§ Activity: Each record is to be duplicated exactly, with nothing added.

Saved entries
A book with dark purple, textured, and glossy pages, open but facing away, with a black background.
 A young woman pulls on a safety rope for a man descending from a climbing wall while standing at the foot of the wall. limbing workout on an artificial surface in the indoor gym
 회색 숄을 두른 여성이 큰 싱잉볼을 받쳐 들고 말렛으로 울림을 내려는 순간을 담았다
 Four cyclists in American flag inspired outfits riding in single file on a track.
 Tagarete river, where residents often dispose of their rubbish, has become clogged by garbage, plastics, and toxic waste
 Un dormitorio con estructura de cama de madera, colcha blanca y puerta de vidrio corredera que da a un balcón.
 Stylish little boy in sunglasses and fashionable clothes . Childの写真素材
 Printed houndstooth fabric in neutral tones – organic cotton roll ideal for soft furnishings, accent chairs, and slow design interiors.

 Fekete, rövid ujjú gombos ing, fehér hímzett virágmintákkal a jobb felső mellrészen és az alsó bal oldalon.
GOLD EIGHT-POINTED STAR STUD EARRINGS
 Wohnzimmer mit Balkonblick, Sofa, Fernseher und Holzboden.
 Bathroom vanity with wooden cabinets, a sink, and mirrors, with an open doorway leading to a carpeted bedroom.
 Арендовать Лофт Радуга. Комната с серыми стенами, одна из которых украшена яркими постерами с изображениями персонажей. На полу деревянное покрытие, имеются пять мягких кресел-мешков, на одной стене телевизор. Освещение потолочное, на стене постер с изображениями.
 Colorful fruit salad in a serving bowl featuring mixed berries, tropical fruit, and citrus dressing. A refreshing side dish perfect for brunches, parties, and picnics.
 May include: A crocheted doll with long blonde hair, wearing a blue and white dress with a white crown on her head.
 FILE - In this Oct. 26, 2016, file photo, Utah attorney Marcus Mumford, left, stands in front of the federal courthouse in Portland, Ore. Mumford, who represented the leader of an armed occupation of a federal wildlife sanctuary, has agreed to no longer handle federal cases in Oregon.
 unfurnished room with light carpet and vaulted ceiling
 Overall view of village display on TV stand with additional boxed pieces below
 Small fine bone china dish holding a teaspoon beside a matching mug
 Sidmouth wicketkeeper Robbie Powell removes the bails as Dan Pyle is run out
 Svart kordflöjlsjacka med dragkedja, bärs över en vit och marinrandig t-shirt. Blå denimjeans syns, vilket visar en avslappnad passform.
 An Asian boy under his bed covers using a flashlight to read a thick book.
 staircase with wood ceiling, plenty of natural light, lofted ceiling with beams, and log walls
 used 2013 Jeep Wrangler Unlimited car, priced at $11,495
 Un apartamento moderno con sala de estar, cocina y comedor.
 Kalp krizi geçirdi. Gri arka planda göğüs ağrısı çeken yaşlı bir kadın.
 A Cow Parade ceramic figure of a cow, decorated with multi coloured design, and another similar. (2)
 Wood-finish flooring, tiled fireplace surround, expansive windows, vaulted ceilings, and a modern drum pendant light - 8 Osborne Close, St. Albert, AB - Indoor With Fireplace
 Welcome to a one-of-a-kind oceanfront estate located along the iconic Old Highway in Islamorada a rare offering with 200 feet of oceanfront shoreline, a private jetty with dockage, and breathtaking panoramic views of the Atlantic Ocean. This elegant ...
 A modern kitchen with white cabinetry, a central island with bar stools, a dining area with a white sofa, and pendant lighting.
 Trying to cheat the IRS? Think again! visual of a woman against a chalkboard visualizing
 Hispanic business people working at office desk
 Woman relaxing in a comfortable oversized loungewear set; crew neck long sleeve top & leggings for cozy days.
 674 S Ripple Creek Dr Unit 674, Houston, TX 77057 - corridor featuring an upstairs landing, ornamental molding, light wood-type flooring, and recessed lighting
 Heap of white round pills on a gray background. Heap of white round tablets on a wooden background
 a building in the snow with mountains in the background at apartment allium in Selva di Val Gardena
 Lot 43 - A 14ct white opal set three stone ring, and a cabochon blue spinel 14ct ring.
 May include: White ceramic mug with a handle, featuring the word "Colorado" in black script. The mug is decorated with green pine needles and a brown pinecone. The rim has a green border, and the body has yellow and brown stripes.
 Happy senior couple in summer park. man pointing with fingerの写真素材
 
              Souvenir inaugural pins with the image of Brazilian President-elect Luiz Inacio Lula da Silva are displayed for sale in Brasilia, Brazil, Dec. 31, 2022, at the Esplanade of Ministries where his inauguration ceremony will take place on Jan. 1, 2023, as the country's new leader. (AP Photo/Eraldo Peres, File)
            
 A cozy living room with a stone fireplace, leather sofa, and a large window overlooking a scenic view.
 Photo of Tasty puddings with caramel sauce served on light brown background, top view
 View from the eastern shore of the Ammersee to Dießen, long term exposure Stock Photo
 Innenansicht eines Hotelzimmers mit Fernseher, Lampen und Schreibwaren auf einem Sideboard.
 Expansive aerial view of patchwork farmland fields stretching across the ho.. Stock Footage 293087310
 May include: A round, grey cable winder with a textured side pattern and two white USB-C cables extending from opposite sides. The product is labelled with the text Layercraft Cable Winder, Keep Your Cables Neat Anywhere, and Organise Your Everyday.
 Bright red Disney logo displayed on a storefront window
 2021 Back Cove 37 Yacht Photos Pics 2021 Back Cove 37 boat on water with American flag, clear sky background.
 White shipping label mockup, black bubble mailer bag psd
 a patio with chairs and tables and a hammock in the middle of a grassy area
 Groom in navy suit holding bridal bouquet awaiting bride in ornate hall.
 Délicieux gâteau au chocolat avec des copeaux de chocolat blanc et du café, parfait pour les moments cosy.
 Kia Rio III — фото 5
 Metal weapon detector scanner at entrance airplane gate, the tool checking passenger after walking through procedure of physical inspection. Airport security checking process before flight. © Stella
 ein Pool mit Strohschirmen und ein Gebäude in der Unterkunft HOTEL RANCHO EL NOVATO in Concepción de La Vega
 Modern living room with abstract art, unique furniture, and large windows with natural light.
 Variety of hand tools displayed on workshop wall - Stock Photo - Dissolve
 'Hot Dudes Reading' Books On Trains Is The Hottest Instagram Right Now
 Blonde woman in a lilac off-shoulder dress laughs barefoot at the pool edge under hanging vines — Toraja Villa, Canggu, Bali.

§ Result of this exercise:
A book with dark purple, textured, and glossy pages, open but facing away, with a black background.
 A young woman pulls on a safety rope for a man descending from a climbing wall while standing at the foot of the wall. limbing workout on an artificial surface in the indoor gym
 회색 숄을 두른 여성이 큰 싱잉볼을 받쳐 들고 말렛으로 울림을 내려는 순간을 담았다
 Four cyclists in American flag inspired outfits riding in single file on a track.
 Tagarete river, where residents often dispose of their rubbish, has become clogged by garbage, plastics, and toxic waste
 Un dormitorio con estructura de cama de madera, colcha blanca y puerta de vidrio corredera que da a un balcón.
 Stylish little boy in sunglasses and fashionable clothes . Childの写真素材
 Printed houndstooth fabric in neutral tones – organic cotton roll ideal for soft furnishings, accent chairs, and slow design interiors.

 Fekete, rövid ujjú gombos ing, fehér hímzett virágmintákkal a jobb felső mellrészen és az alsó bal oldalon.
GOLD EIGHT-POINTED STAR STUD EARRINGS
 Wohnzimmer mit Balkonblick, Sofa, Fernseher und Holzboden.
 Bathroom vanity with wooden cabinets, a sink, and mirrors, with an open doorway leading to a carpeted bedroom.
 Арендовать Лофт Радуга. Комната с серыми стенами, одна из которых украшена яркими постерами с изображениями персонажей. На полу деревянное покрытие, имеются пять мягких кресел-мешков, на одной стене телевизор. Освещение потолочное, на стене постер с изображениями.
 Colorful fruit salad in a serving bowl featuring mixed berries, tropical fruit, and citrus dressing. A refreshing side dish perfect for brunches, parties, and picnics.
 May include: A crocheted doll with long blonde hair, wearing a blue and white dress with a white crown on her head.
 FILE - In this Oct. 26, 2016, file photo, Utah attorney Marcus Mumford, left, stands in front of the federal courthouse in Portland, Ore. Mumford, who represented the leader of an armed occupation of a federal wildlife sanctuary, has agreed to no longer handle federal cases in Oregon.
 unfurnished room with light carpet and vaulted ceiling
 Overall view of village display on TV stand with additional boxed pieces below
 Small fine bone china dish holding a teaspoon beside a matching mug
 Sidmouth wicketkeeper Robbie Powell removes the bails as Dan Pyle is run out
 Svart kordflöjlsjacka med dragkedja, bärs över en vit och marinrandig t-shirt. Blå denimjeans syns, vilket visar en avslappnad passform.
 An Asian boy under his bed covers using a flashlight to read a thick book.
 staircase with wood ceiling, plenty of natural light, lofted ceiling with beams, and log walls
 used 2013 Jeep Wrangler Unlimited car, priced at $11,495
 Un apartamento moderno con sala de estar, cocina y comedor.
 Kalp krizi geçirdi. Gri arka planda göğüs ağrısı çeken yaşlı bir kadın.
 A Cow Parade ceramic figure of a cow, decorated with multi coloured design, and another similar. (2)
 Wood-finish flooring, tiled fireplace surround, expansive windows, vaulted ceilings, and a modern drum pendant light - 8 Osborne Close, St. Albert, AB - Indoor With Fireplace
 Welcome to a one-of-a-kind oceanfront estate located along the iconic Old Highway in Islamorada a rare offering with 200 feet of oceanfront shoreline, a private jetty with dockage, and breathtaking panoramic views of the Atlantic Ocean. This elegant ...
 A modern kitchen with white cabinetry, a central island with bar stools, a dining area with a white sofa, and pendant lighting.
 Trying to cheat the IRS? Think again! visual of a woman against a chalkboard visualizing
 Hispanic business people working at office desk
 Woman relaxing in a comfortable oversized loungewear set; crew neck long sleeve top & leggings for cozy days.
 674 S Ripple Creek Dr Unit 674, Houston, TX 77057 - corridor featuring an upstairs landing, ornamental molding, light wood-type flooring, and recessed lighting
 Heap of white round pills on a gray background. Heap of white round tablets on a wooden background
 a building in the snow with mountains in the background at apartment allium in Selva di Val Gardena
 Lot 43 - A 14ct white opal set three stone ring, and a cabochon blue spinel 14ct ring.
 May include: White ceramic mug with a handle, featuring the word "Colorado" in black script. The mug is decorated with green pine needles and a brown pinecone. The rim has a green border, and the body has yellow and brown stripes.
 Happy senior couple in summer park. man pointing with fingerの写真素材
 
              Souvenir inaugural pins with the image of Brazilian President-elect Luiz Inacio Lula da Silva are displayed for sale in Brasilia, Brazil, Dec. 31, 2022, at the Esplanade of Ministries where his inauguration ceremony will take place on Jan. 1, 2023, as the country's new leader. (AP Photo/Eraldo Peres, File)
            
 A cozy living room with a stone fireplace, leather sofa, and a large window overlooking a scenic view.
 Photo of Tasty puddings with caramel sauce served on light brown background, top view
 View from the eastern shore of the Ammersee to Dießen, long term exposure Stock Photo
 Innenansicht eines Hotelzimmers mit Fernseher, Lampen und Schreibwaren auf einem Sideboard.
 Expansive aerial view of patchwork farmland fields stretching across the ho.. Stock Footage 293087310
 May include: A round, grey cable winder with a textured side pattern and two white USB-C cables extending from opposite sides. The product is labelled with the text Layercraft Cable Winder, Keep Your Cables Neat Anywhere, and Organise Your Everyday.
 Bright red Disney logo displayed on a storefront window
 2021 Back Cove 37 Yacht Photos Pics 2021 Back Cove 37 boat on water with American flag, clear sky background.
 White shipping label mockup, black bubble mailer bag psd
 a patio with chairs and tables and a hammock in the middle of a grassy area
 Groom in navy suit holding bridal bouquet awaiting bride in ornate hall.
 Délicieux gâteau au chocolat avec des copeaux de chocolat blanc et du café, parfait pour les moments cosy.
 Kia Rio III — фото 5
 Metal weapon detector scanner at entrance airplane gate, the tool checking passenger after walking through procedure of physical inspection. Airport security checking process before flight. © Stella
 ein Pool mit Strohschirmen und ein Gebäude in der Unterkunft HOTEL RANCHO EL NOVATO in Concepción de La Vega
 Modern living room with abstract art, unique furniture, and large windows with natural light.
 Variety of hand tools displayed on workshop wall - Stock Photo - Dissolve
 'Hot Dudes Reading' Books On Trains Is The Hottest Instagram Right Now
 Blonde woman in a lilac off-shoulder dress laughs barefoot at the pool edge under hanging vines — Toraja Villa, Canggu, Bali.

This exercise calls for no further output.